There seem to be no age boundaries for many of these shows, offering stories of toddlers and small children who are raped and/or killed. In the pilot of the U.S. version of Prime Suspect, a woman is raped and murdered in front of her children. I had to stop watching, several shows later, when an episode featured the confession of a convicted sex offender. It was the dramatization of the perverse pleasure he took in sexually assaulting a child that was the deal-breaker.

These things happen and we must acknowledge them so we can end violence against women and children. However, giving airtime to the perspectives of the abusers is troubling. I can’t get that guy’s voice out of my head, even years later. But it’s not just the children, it’s the ever-escalating sexual violence, mostly against woman and girls, episode after episode.

Part of the problem is that these shows take this kind of violence as a fact of life.

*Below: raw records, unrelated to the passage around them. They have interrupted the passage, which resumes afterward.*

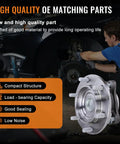 2WD Front Wheel Bearing Hub Assembly Fits Toyota 4Runner 2003 To 2019, FJ Cruiser 2007 To 2009, And Toyota Tacoma 2005 To 2019, Two Pack 950004 Wheel Bearing Hub Direct Fit Replacement For Easy Install shown with installer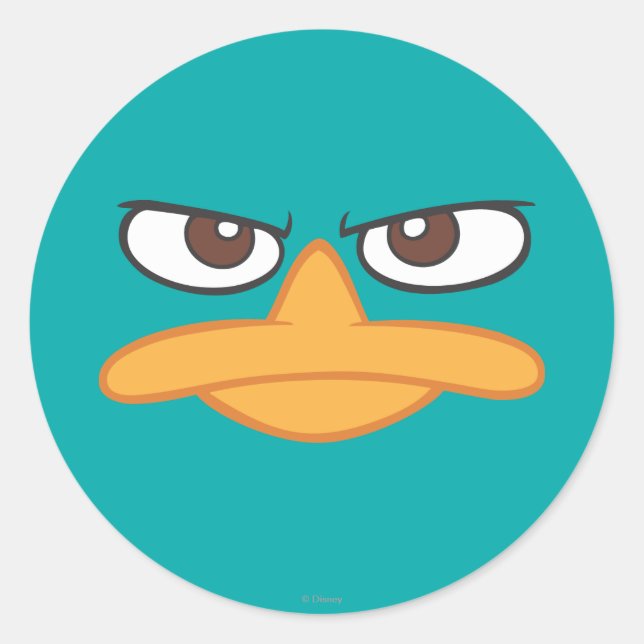Sticker Rond Face de l'agent P (Devant)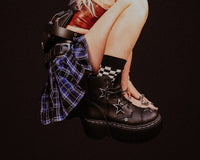 A3276 Black Star 7-Eye Double Decker Boot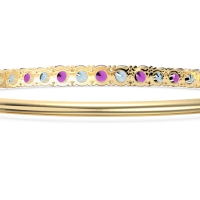 Classic Graduated Bangle Bracelet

Even Helen Mirren herself has criticized such casual violence. According to The Independent, Mirren spoke out “against the extensive images of dead young women in contemporary dramas. Agreeing with playwright David Hare’s recent remark that he ‘can’t stand the body count in contemporary drama,’ Ms. Mirren...added: ‘Most of those bodies are young women.’” There’s no parallel interest in shows about women healing from sexual violence, or shows about changing the society to prevent such violence from happening, only the ratings-grabbing police procedurals with the glorified and desensitizing violence.

The same year that the U.S. Prime Suspect debuted, so did another police procedural with a strong female lead: Fox’s The Chicago Code. This series featured an ensemble cast, with Jennifer Beals starring as the newly appointed first-female Chicago Police Superintendent, Teresa Colvin. Colvin vows to clean up Chicago’s notorious corruption, and sets her sights on a corrupt alderman. The Chicago Code has the same suspenseful cat-and-mouse structure, where we see the hero and the villain stalking and trying to outsmart each other. But in this series, violence against women is not at the center, rather it's the integrity of a city. The show was cancelled after its first season.

I’m left with a chicken or egg question: is the culture of TV simply preoccupied with violence against women and it develops shows with strong female protagonists in order to capture women audiences? Or do producers worry that shows with strong female leads will fail to attract broad audiences unless they offer an underlying violent threat against female power and autonomy overall?

Either way, I find myself dropping these shows from my watch lists. I miss following the lives and minds of the protagonists, but it’s just not worth it.